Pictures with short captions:
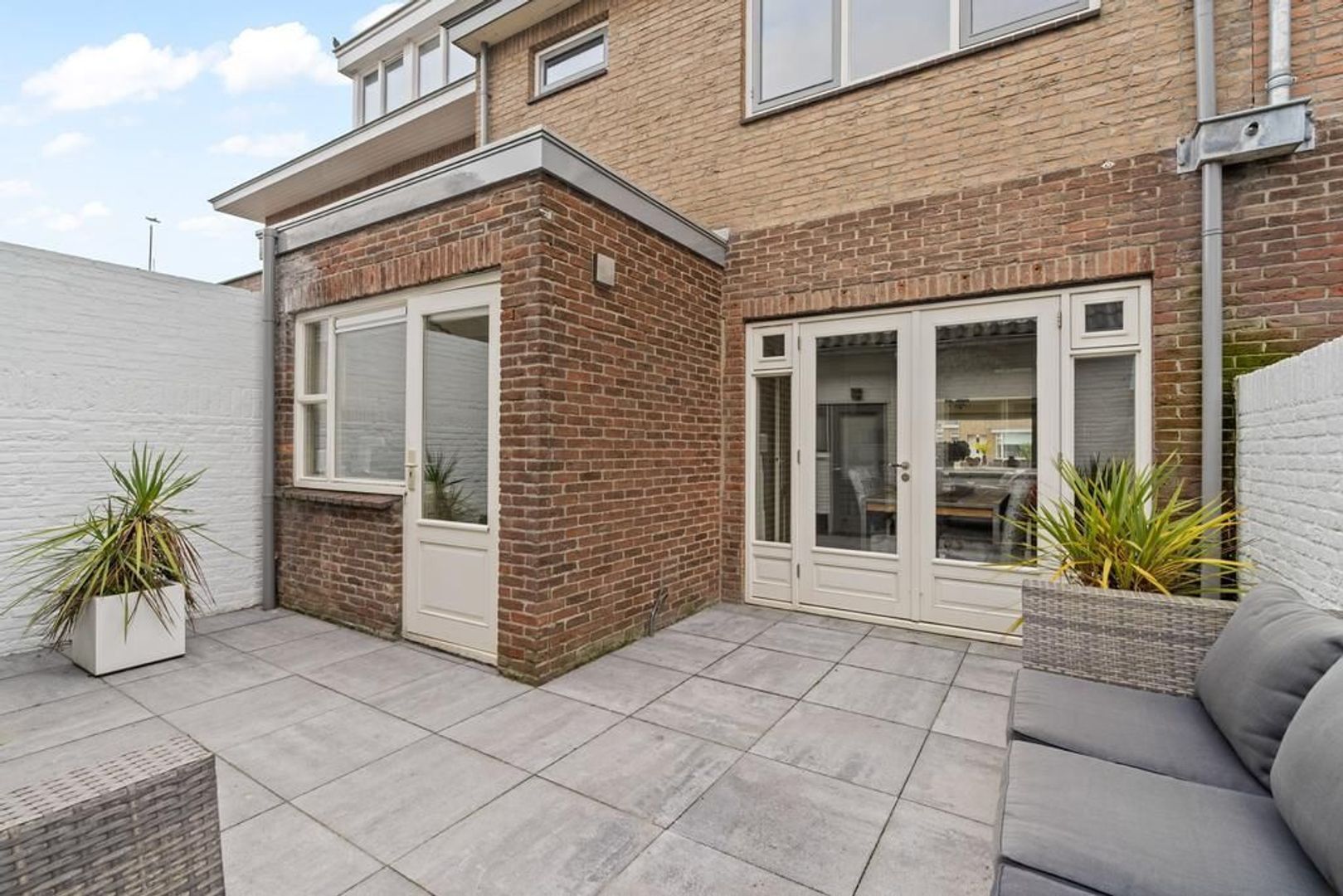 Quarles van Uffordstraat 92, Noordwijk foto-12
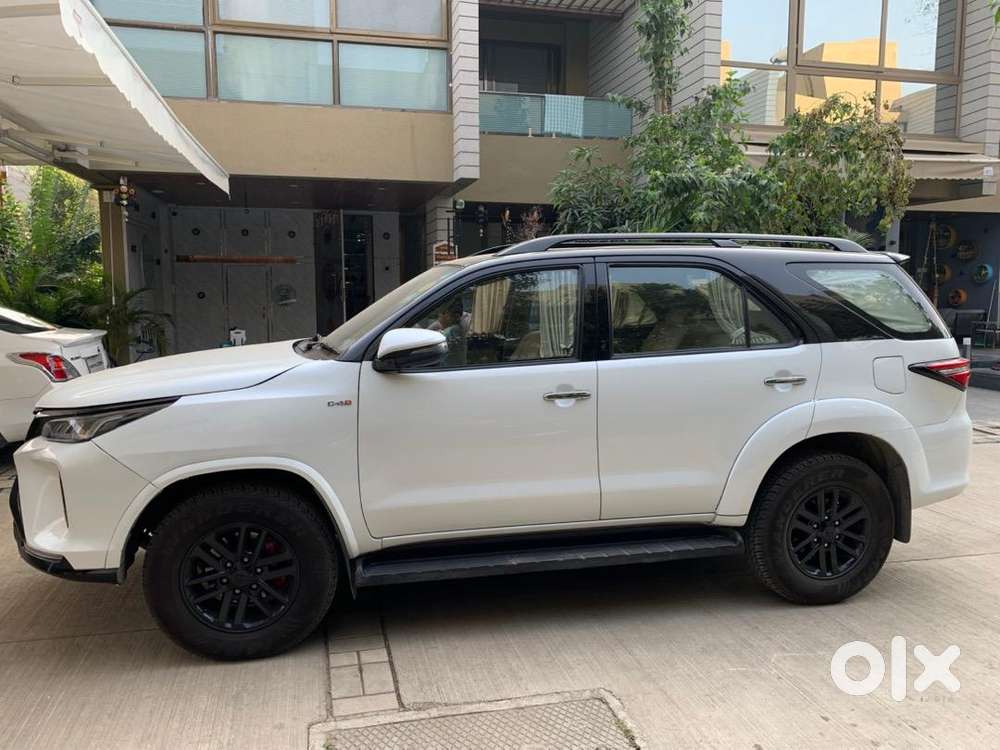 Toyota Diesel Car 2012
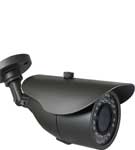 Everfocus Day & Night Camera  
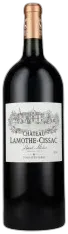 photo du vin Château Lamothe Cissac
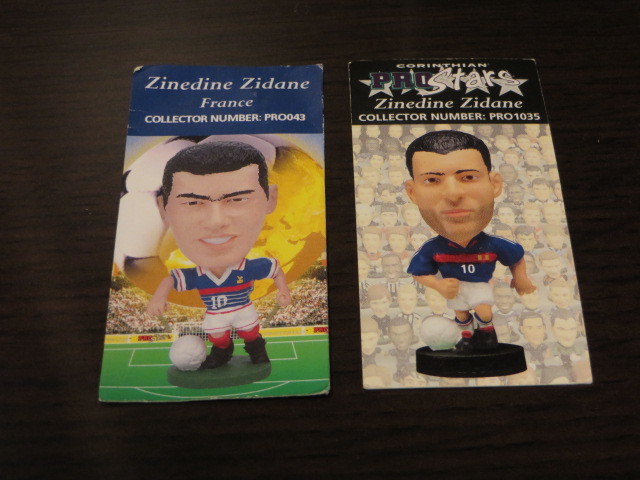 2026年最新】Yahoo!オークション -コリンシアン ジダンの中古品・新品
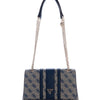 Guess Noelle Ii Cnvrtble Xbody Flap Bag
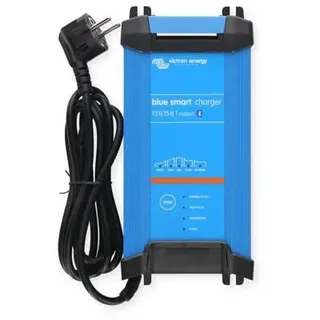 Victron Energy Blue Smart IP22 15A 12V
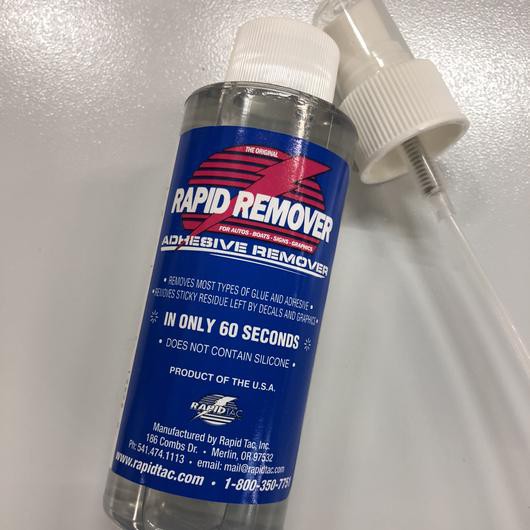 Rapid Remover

Task prompt: From the line containing "2026年最新】Yahoo!オークション -コリンシアン ジダンの中古品・新品" down to the last line of the data above, transcribe exactly those lines and no others; omit the pictures.

Exercise result:
 2026年最新】Yahoo!オークション -コリンシアン ジダンの中古品・新品
 Guess Noelle Ii Cnvrtble Xbody Flap Bag
 Victron Energy Blue Smart IP22 15A 12V
 Rapid Remover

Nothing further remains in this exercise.